Nel decreto, che non è stato ancora pubblicato in Gazzetta ufficiale, il governo ha previsto anche un eventuale taglio alle accise nel caso in cui aumenti il prezzo del petrolio e di conseguenza crescano i guadagni dello Stato. Un meccanismo anche chiamato ‘accisa mobile’.

Innanzitutto, una premessa. Come mostra il grafico sotto, quasi il 60% del prezzo al dettaglio della benzina è formato da Iva e accise, secondo i dati del ministero dell’Ambiente e della Sicurezza energetica. Per quanto riguarda il gasolio per automobili, le tasse sono circa la metà del prezzo. I soldi arrivano allo Stato da due fonti diverse: le accise e l’Imposta sul valore aggiunto (Iva).
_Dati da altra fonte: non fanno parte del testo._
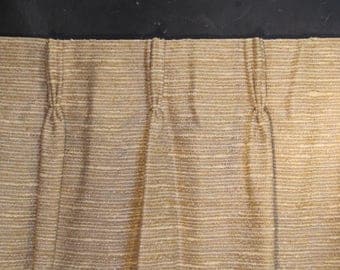 Pair of Very Long Vintage Woven Textured Curtains- Two Drapery Panels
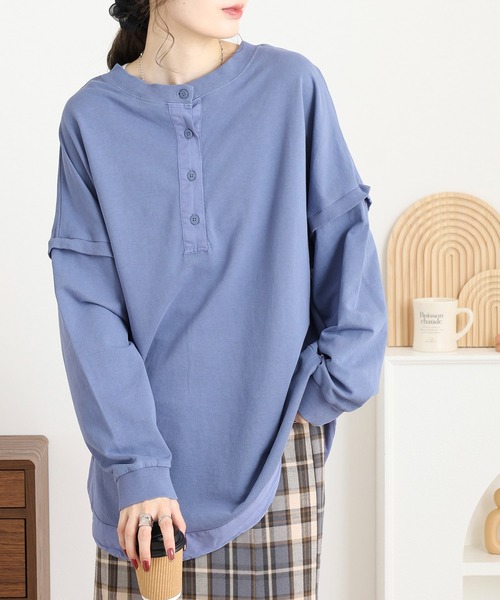 myke(ミーカ)の「myke ピグメント裏毛ヘンリーネック前後2WAYプルオーバー(Tシャツ/カットソー・レディース・ダークブルー/ブラック・M)」の1枚目の写真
Le accise gravano sulla quantità, non sul prezzo. Più benzina viene comprata, più lo Stato incassa. Meno benzina viene acquistata, meno guadagna lo Stato dalle accise, anche se il prezzo alla pompa è cresciuto. Le accise esistono sui prodotti energetici (compresi i carburanti e i combustibili per riscaldamento), gli alcolici, i tabacchi lavorati e l’energia elettrica. Come spiegato dal ministero dell’Economia e delle Finanze, “piccole variazioni delle aliquote di accisa garantiscono allo Stato un nuovo e maggiore gettito in tempi alquanto ridotti“. Anche perché chi è in difficoltà economica ridurrà l’acquisto di altri beni prima di risparmiare su carburanti ed energia elettrica.

Cosa è l’Iva

L’imposta sul valore aggiunto è una tassa pagata dal consumatore finale. Sui carburanti è al 22% del prezzo: lo aumenta di un quarto. Sia le accise che l’Iva sono imposte indirette: non colpiscono direttamente il reddito ma gravano su ricchi e sui poveri allo stesso modo.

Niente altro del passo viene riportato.